◆ **The task**:
Copy out every record below, word for word.

◆ **Supplied material**:
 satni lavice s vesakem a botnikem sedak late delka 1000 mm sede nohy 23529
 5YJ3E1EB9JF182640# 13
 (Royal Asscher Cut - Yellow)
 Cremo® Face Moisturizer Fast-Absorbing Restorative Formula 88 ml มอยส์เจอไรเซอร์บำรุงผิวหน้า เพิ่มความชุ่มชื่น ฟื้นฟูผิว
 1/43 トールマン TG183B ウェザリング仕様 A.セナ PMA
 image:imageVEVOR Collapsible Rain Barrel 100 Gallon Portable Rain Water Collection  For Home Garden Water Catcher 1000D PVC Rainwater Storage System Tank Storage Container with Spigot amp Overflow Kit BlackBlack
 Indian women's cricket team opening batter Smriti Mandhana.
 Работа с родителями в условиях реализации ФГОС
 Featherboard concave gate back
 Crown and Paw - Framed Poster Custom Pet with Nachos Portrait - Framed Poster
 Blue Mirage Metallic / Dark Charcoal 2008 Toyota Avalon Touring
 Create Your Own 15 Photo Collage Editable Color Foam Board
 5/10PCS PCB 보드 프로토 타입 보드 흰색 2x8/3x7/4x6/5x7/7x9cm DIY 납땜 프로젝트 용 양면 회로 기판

◆ **Answer for this exercise**:
 satni lavice s vesakem a botnikem sedak late delka 1000 mm sede nohy 23529
 5YJ3E1EB9JF182640# 13
 (Royal Asscher Cut - Yellow)
 Cremo® Face Moisturizer Fast-Absorbing Restorative Formula 88 ml มอยส์เจอไรเซอร์บำรุงผิวหน้า เพิ่มความชุ่มชื่น ฟื้นฟูผิว
 1/43 トールマン TG183B ウェザリング仕様 A.セナ PMA
 image:imageVEVOR Collapsible Rain Barrel 100 Gallon Portable Rain Water Collection  For Home Garden Water Catcher 1000D PVC Rainwater Storage System Tank Storage Container with Spigot amp Overflow Kit BlackBlack
 Indian women's cricket team opening batter Smriti Mandhana.
 Работа с родителями в условиях реализации ФГОС
 Featherboard concave gate back
 Crown and Paw - Framed Poster Custom Pet with Nachos Portrait - Framed Poster
 Blue Mirage Metallic / Dark Charcoal 2008 Toyota Avalon Touring
 Create Your Own 15 Photo Collage Editable Color Foam Board
 5/10PCS PCB 보드 프로토 타입 보드 흰색 2x8/3x7/4x6/5x7/7x9cm DIY 납땜 프로젝트 용 양면 회로 기판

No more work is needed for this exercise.